2. Geologic models built with flow modeling in mind. In today's industry, it is not uncommon to have geologists and engineers work directly together. The modeling software should therefore enable a common grid design that could meet the needs of both disciplines. This would require building a grid with density that varies, providing necessary detail around wells or one with strong heterogeneity. In an aquifer or area of homogeneous geology, a course grid could be used. This would allow one grid to be used for both reservoir modeling and simulation.

Workflow benefits

With the valley of death crossed, asset teams will be able to gain significant benefits from having a rapid, integrated set of reservoir modeling tools.

Incorporation of multiple interpretation scenarios. In many ways, reservoir modeling is simply an extension of the interpretation process. Interpreters commonly carry several potential structural interpretations for a field, but the difficulty and time-consuming nature of making a reservoir framework generally limits teams to just model the most likely case. As a result, this tends to mask uncertainty around the model and limit the ability to see the effect of different interpretations on reservoir flow.

Assisted/automated well placement. Traditionally, well planning has been a tedious manual procedure. The well path tool finds a set of targets and plans paths for wells back to platform locations giving geometric and spacing constraints and locations of candidate wells along with the number of drilling days and drilling. The wells are optimized on an objective function along with one or more data filters. Figure 5 shows the oil producers and gas injector locations with their plans to surface platforms. These were generated literally in a matter of minutes using the constraints shown in the table. The data filters ensured that the gas injectors are located high in the structure above the gas-oil contact and the oil producers are located in the oil zone.

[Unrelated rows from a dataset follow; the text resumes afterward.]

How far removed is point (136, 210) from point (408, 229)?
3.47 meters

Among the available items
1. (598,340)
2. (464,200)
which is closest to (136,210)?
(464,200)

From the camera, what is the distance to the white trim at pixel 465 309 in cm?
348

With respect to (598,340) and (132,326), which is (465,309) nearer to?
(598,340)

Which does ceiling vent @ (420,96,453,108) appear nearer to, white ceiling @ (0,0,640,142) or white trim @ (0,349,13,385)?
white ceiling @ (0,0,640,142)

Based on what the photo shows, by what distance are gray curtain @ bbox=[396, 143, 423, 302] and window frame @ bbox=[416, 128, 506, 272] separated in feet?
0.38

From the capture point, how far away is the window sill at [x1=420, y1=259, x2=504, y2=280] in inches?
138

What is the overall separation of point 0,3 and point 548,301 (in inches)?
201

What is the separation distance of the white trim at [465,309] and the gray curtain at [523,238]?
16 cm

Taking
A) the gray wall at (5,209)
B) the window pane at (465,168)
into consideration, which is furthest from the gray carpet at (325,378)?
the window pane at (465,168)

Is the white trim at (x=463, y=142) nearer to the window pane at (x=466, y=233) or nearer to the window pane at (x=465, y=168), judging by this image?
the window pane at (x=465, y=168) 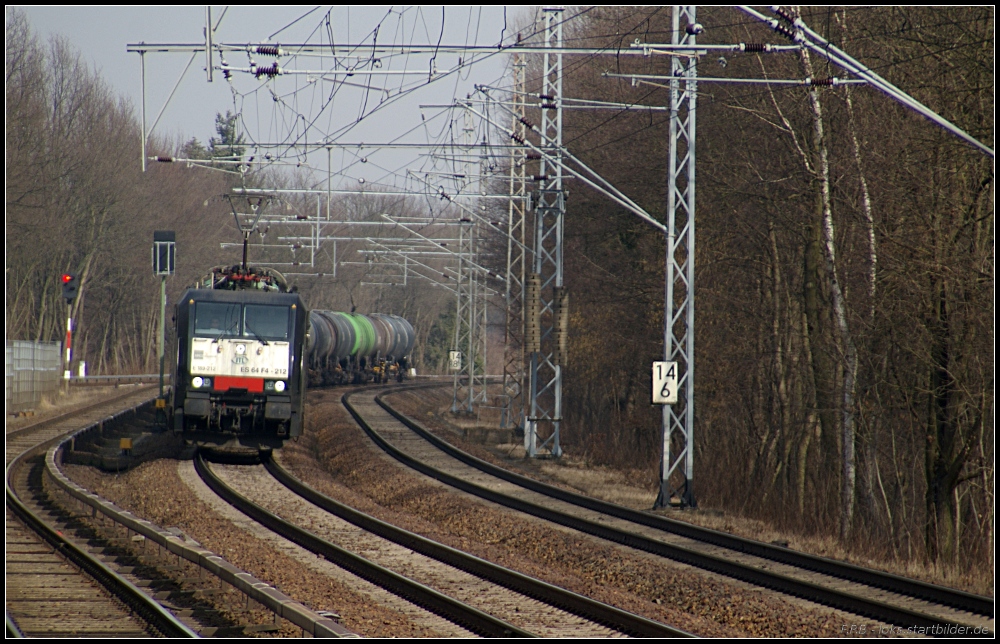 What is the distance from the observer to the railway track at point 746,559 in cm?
984

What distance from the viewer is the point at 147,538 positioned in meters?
12.7

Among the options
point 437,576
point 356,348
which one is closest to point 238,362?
point 437,576

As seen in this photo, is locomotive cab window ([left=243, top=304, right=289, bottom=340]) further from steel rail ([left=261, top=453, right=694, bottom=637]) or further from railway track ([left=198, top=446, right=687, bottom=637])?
steel rail ([left=261, top=453, right=694, bottom=637])

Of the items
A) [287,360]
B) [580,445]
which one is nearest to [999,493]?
[287,360]

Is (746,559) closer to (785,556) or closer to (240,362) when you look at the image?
(785,556)

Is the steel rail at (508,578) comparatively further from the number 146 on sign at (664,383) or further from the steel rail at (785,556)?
the number 146 on sign at (664,383)

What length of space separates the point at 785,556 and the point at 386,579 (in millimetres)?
5075

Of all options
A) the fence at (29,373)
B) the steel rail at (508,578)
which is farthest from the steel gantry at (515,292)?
the fence at (29,373)

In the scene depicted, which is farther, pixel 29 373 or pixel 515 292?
pixel 515 292

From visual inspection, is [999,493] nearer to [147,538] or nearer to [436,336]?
[147,538]

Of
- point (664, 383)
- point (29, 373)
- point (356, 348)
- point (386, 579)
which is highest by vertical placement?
point (664, 383)

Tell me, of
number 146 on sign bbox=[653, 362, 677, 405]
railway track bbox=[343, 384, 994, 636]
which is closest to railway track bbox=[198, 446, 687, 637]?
railway track bbox=[343, 384, 994, 636]

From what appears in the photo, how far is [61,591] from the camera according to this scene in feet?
33.2

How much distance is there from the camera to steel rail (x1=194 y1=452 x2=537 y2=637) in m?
9.01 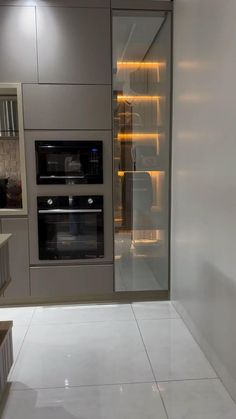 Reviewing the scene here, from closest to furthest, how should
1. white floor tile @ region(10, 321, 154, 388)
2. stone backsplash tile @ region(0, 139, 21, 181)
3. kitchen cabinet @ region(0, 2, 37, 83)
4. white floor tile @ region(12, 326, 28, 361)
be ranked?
white floor tile @ region(10, 321, 154, 388) → white floor tile @ region(12, 326, 28, 361) → kitchen cabinet @ region(0, 2, 37, 83) → stone backsplash tile @ region(0, 139, 21, 181)

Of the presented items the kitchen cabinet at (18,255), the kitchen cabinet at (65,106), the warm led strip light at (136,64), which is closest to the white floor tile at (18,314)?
the kitchen cabinet at (18,255)

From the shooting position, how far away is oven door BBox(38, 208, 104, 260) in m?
3.19

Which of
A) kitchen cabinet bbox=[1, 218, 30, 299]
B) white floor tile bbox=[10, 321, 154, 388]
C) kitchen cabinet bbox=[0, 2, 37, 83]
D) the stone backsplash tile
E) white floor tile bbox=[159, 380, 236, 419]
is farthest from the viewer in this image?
the stone backsplash tile

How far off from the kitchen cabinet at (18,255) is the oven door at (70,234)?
14 centimetres

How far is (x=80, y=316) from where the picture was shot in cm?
307

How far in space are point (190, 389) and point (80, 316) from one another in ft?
4.19

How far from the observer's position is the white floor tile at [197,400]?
1829 millimetres

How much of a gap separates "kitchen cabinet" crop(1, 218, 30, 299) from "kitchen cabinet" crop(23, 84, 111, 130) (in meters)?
0.86

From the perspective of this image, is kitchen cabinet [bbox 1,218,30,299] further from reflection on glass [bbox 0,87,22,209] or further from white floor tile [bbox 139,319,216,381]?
white floor tile [bbox 139,319,216,381]

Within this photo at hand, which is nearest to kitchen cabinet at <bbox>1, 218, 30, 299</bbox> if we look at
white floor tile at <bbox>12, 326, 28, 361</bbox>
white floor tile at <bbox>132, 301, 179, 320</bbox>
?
white floor tile at <bbox>12, 326, 28, 361</bbox>

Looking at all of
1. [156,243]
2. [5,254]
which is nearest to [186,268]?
[156,243]

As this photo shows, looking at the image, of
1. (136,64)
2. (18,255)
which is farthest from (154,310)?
(136,64)

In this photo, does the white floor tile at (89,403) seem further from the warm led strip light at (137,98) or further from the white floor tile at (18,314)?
the warm led strip light at (137,98)

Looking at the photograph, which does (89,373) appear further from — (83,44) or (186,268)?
(83,44) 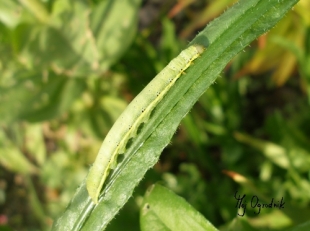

Optimized field development. In most E&P companies today, reservoir modeling and simulation are carried out only at the major decision points in the life of a field, and only for the largest of these fields. Due to the tedious nature of present-day reservoir modeling, it is difficult to update the models at the speed of a drilling program. Models and subsequent reservoir simulations only update at the end of major drilling programs, when there is sufficient time to rebuild the model. With reservoir modeling integrated into both the interpretation and flow modeling workflows, updates can take place at the pace of the drilling program. The models and simulations can be used to affect the location of the subsequent wells

What's next?

With the valley filled, during the next several years, asset team productivity will continue to increase. This pace will slow only when the limits of traditional surface modeling and corner point gridding begin to impede the workflows. The next step-change will occur when a new topology is developed that lets geoscientists truly interpret seismic volumes and surfaces are just secondary features. The same unstructured topology could also support property modeling and reservoir simulation. This may sound far-fetched today, but it is an active and promising area of research. With tools like this, asset teams will not only cross the last integration frontier but will fly over it.